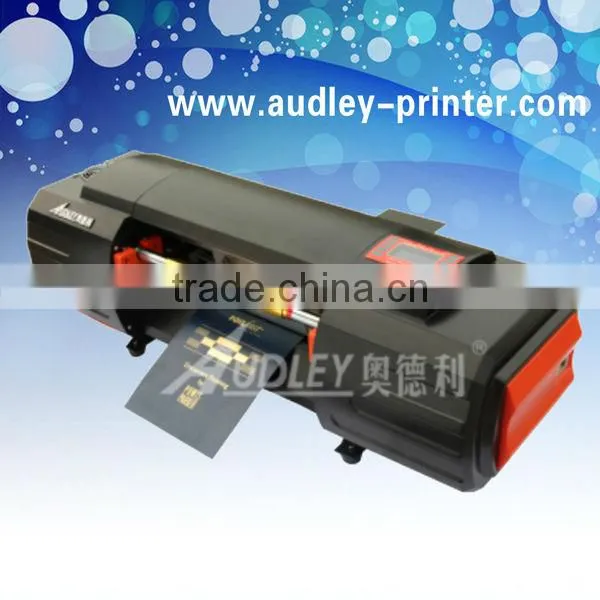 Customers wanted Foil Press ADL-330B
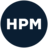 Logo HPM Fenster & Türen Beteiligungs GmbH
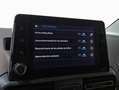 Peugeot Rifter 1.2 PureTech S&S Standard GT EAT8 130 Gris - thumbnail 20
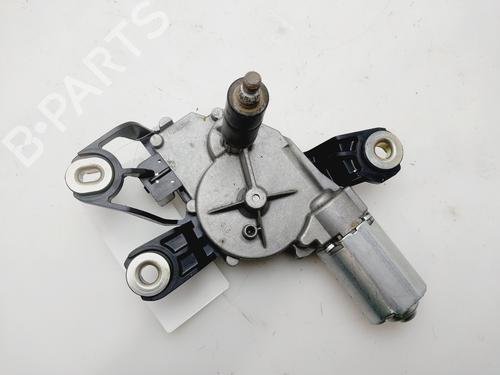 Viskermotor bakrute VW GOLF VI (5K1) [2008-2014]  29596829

> **About this exercise**
Find the line with "Logo HPM Fenster & Türen Beteiligungs GmbH" in the listing above, then write it out along with every later line through the last one, exactly, omitting pictures.

> **Output of the exercise**
 Logo HPM Fenster & Türen Beteiligungs GmbH
 Peugeot Rifter 1.2 PureTech S&S Standard GT EAT8 130 Gris - thumbnail 20
 Viskermotor bakrute VW GOLF VI (5K1) [2008-2014]  29596829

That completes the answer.